Work order:
Pictures aside, repeat the listing below exactly.
--- Extracted material ---
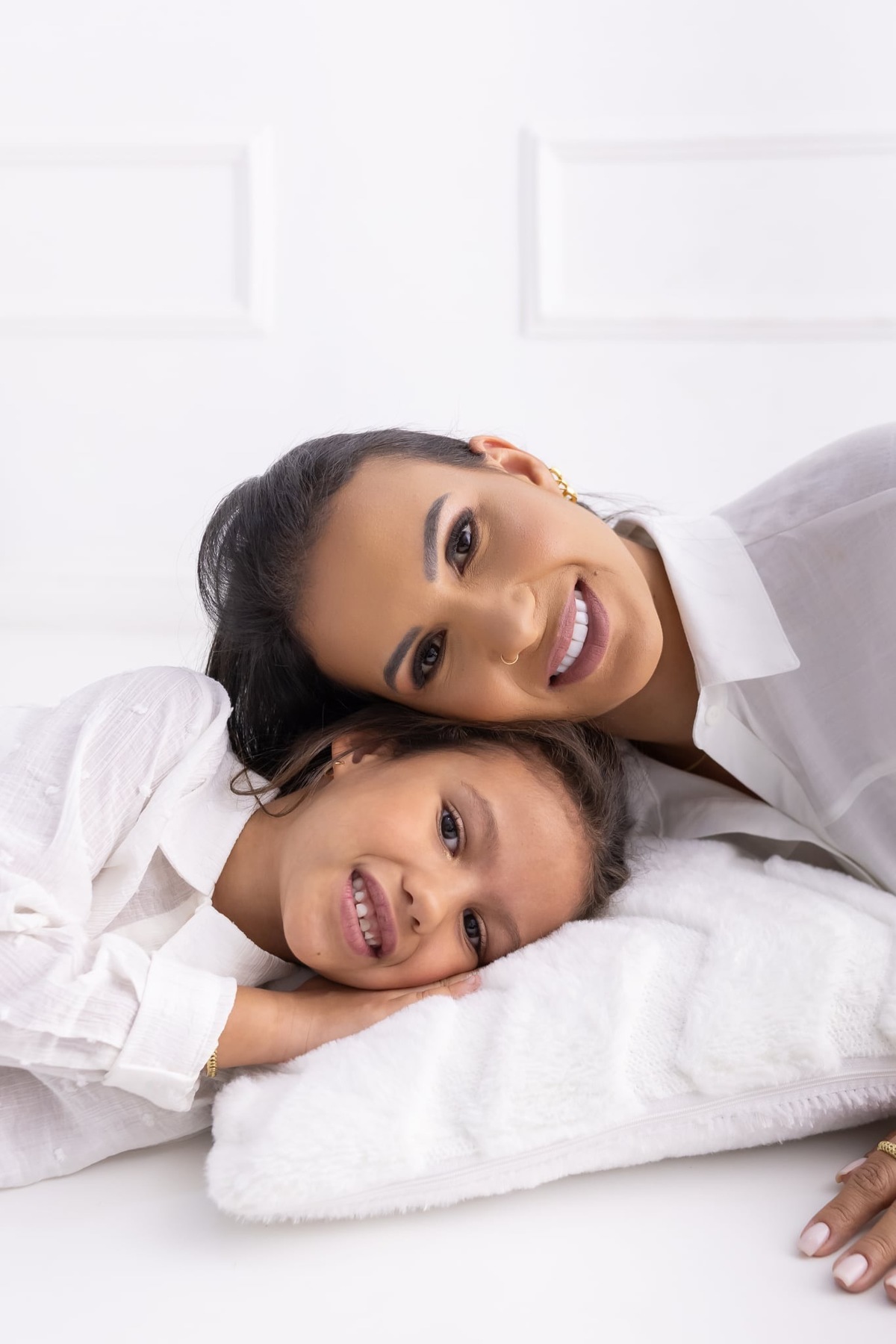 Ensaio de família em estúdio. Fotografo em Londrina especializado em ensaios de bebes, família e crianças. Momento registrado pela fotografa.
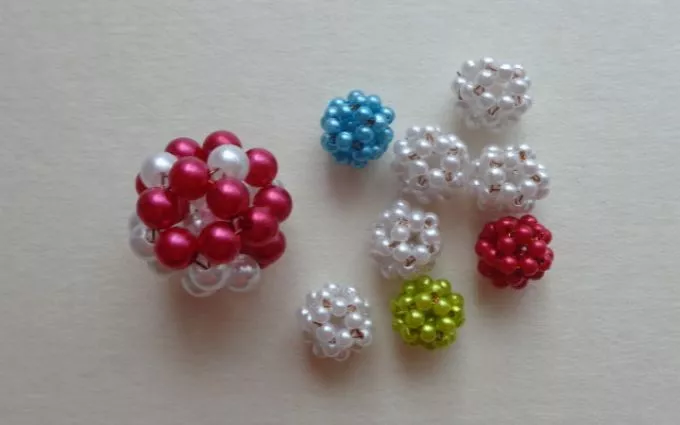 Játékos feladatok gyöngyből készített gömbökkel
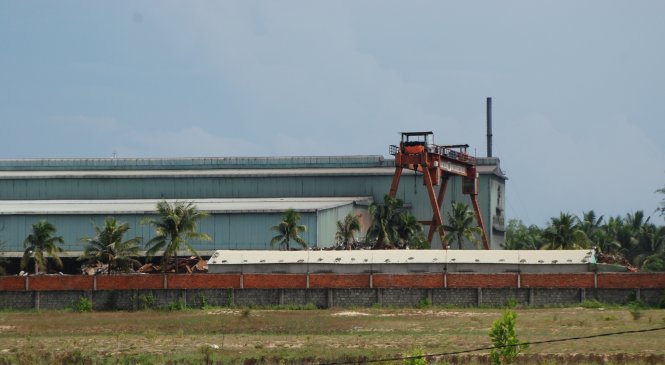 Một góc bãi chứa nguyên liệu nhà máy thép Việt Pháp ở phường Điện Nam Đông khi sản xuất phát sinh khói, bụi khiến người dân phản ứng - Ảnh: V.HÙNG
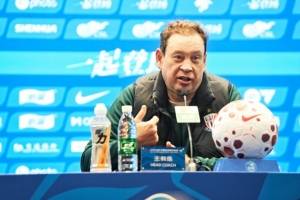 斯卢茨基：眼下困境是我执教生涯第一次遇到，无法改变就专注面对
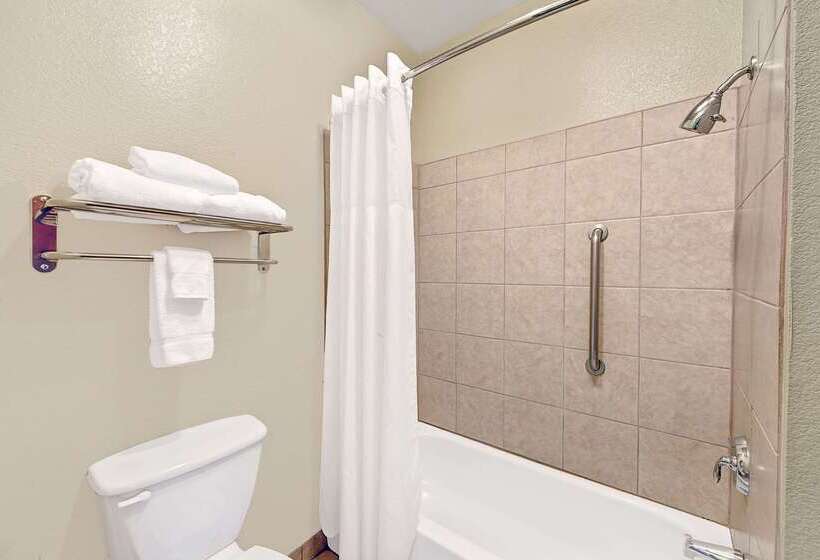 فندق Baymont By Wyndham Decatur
---
Task output:
 Ensaio de família em estúdio. Fotografo em Londrina especializado em ensaios de bebes, família e crianças. Momento registrado pela fotografa.
 Játékos feladatok gyöngyből készített gömbökkel
 Một góc bãi chứa nguyên liệu nhà máy thép Việt Pháp ở phường Điện Nam Đông khi sản xuất phát sinh khói, bụi khiến người dân phản ứng - Ảnh: V.HÙNG
 斯卢茨基：眼下困境是我执教生涯第一次遇到，无法改变就专注面对
 فندق Baymont By Wyndham Decatur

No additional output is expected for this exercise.